Scientists Are Using Lasers To Control Lightning Strikes

A group of scientists have successfully steered lightning bolts with a laser for the first time in history.

The experiment occurred on top of the Swiss Mountains during a heavy thunderstorm last year.

Scientists accomplished the feat by firing rapid laser pulses at a group of thunderclouds for over six hours.

Instruments recording the laser’s blasts were able to detect four lightning bolts being deflected from its course.

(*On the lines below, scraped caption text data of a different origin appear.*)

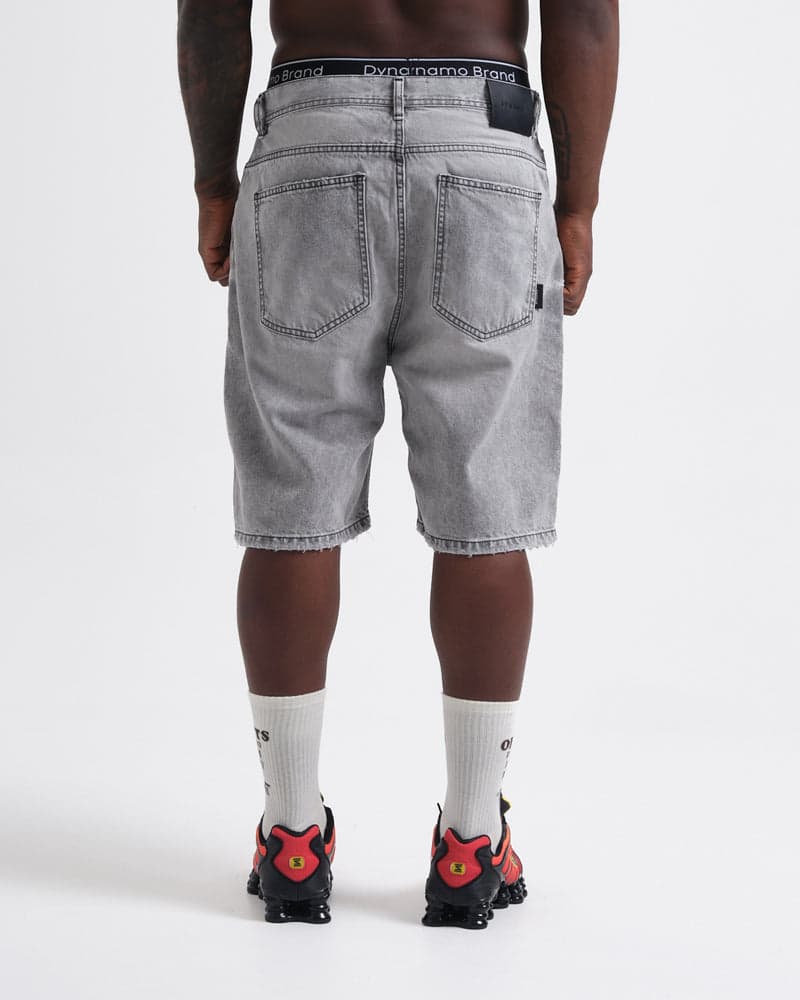 Bermuda Regular Grey Wash - imagen 2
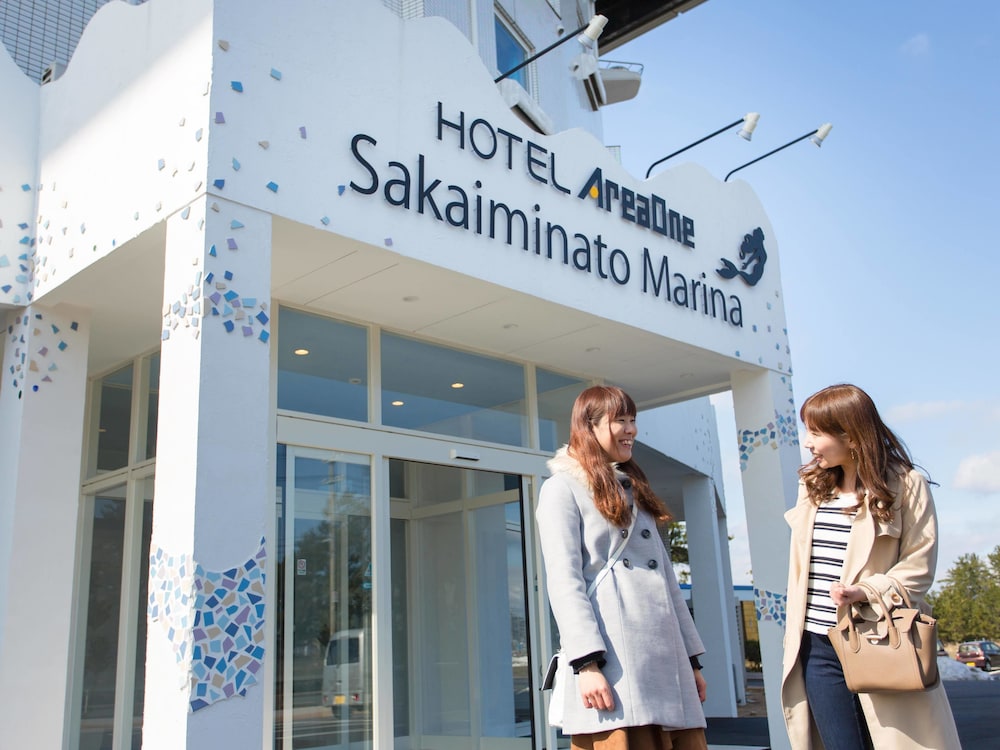 HOTEL AreaOne SAKAIMINATO MARINA 5/60
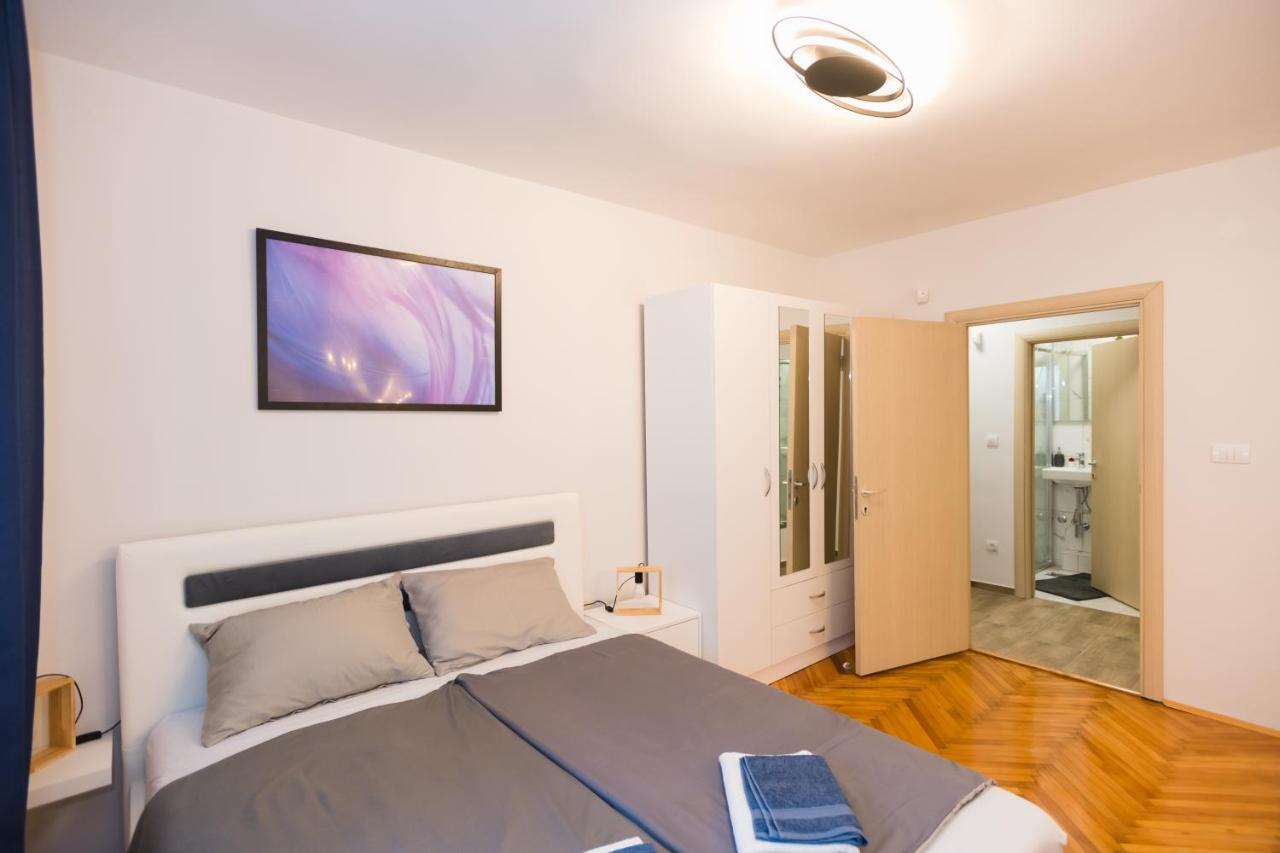 Apartman Studio Blue Subotica Esterno foto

The Guardian reported the science behind the experiment:

The laser diverts lightning bolts by creating an easier path for the electrical discharge to flow down. When laser pulses are fired into the sky, a change in the refractive index of the air makes them shrink and become so intense that they ionise air molecules around them.

This leads to a long chain of what the researchers call filaments in the sky, where air molecules rapidly heat up and race away at supersonic speeds, leaving a channel of low density, ionised air. These channels, which last for milliseconds, are more electrically conductive than the surrounding air, and so form an easier path for the lightning to follow.

Although, the new feat could help prevent forest fires or tall buildings from being struck, many believe the newfound ability to steer lightning bolts will be used for ill will.

Throughout history, weather manipulation has been used as a war tactic.

Back during the Vietnam War, the CIA launched Operation Popeye which was a seed clouding operation that caused monsoon rain to hit the Ho Chi Minh Trail which resulted in damaged crops and major mudslides.